--- Given information ---
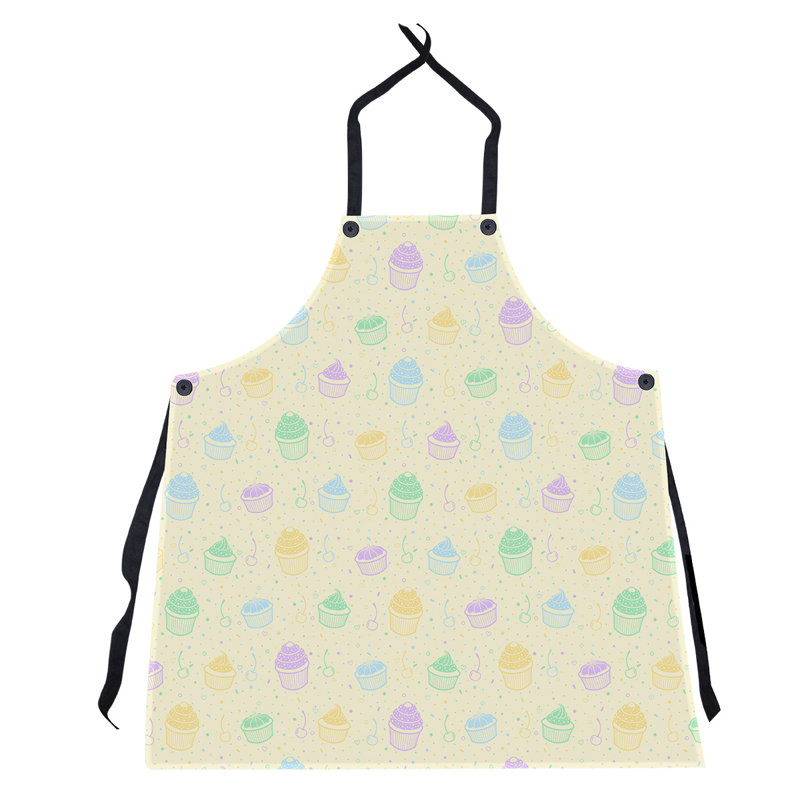 Tablier classique à motif petits gâteaux, Alternance de jaune
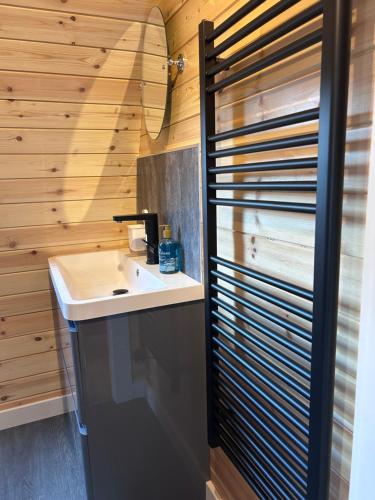 a bathroom with a sink and a wooden wall at Dalrigh Pod 2 in Onich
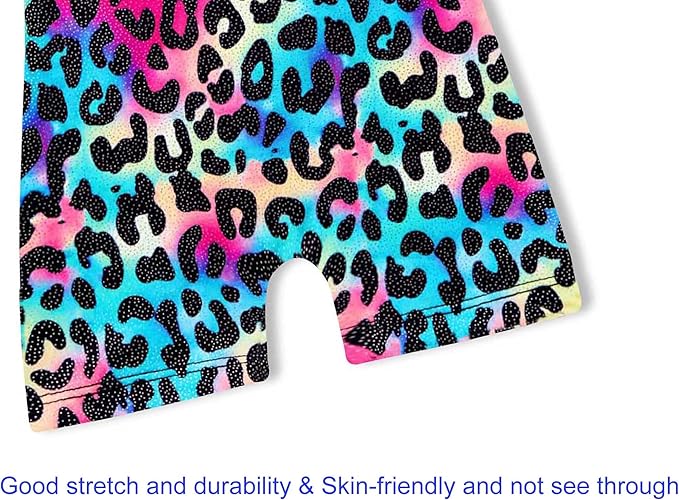 Domusgo Gymnastics Leotards for Girls Sparkly One-Piece Pro Kids Unitard Biketards with Shorts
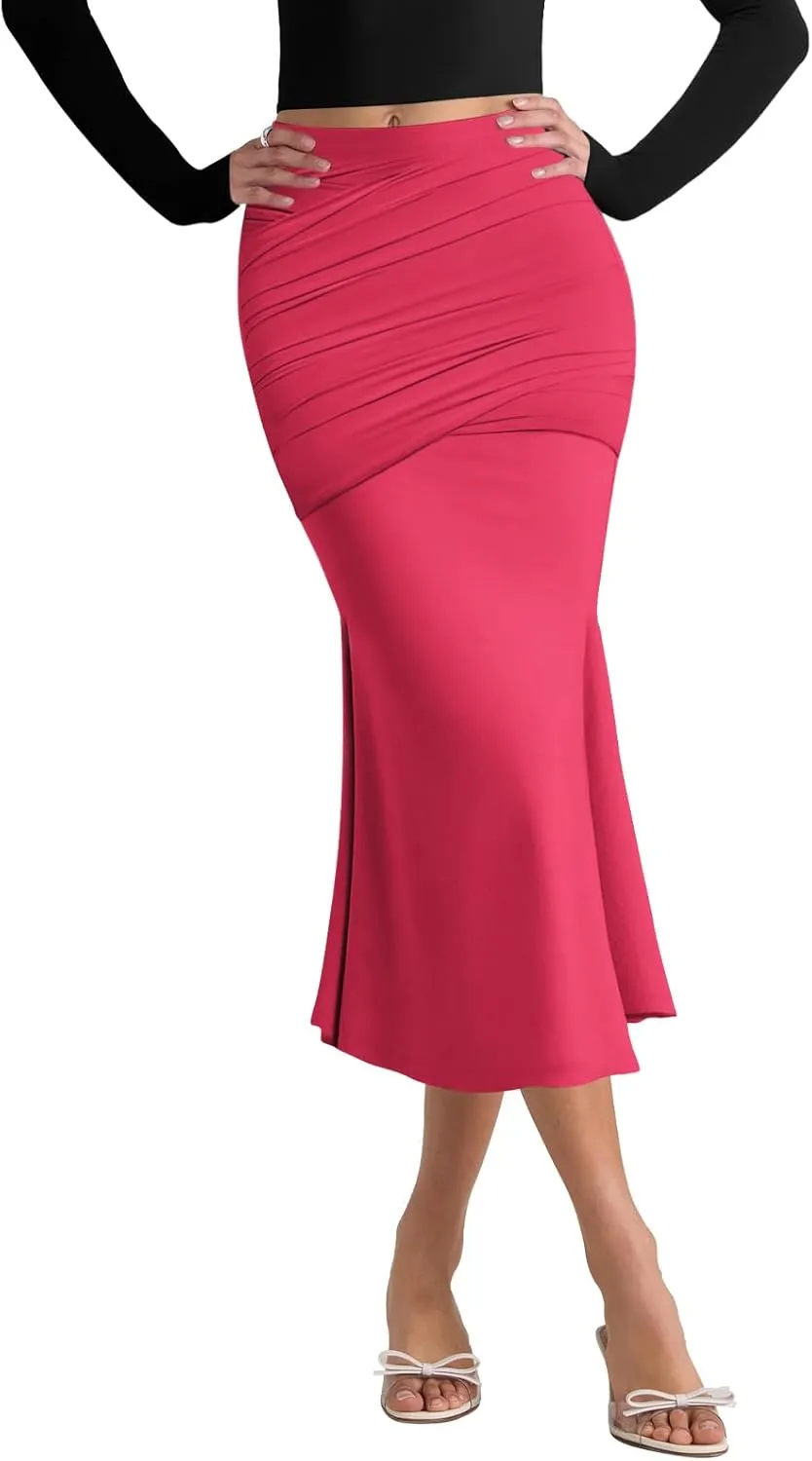 Pasgreson Women's Fishtail Midi Skirts High Waist Mermaid Bodycon Skirts Stretch Work Business Pencil Skirt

--- Your assignment ---
From the material above, copy everything exactly but the pictures.

--- Response area ---
 Tablier classique à motif petits gâteaux, Alternance de jaune
 a bathroom with a sink and a wooden wall at Dalrigh Pod 2 in Onich
 Domusgo Gymnastics Leotards for Girls Sparkly One-Piece Pro Kids Unitard Biketards with Shorts
 Pasgreson Women's Fishtail Midi Skirts High Waist Mermaid Bodycon Skirts Stretch Work Business Pencil Skirt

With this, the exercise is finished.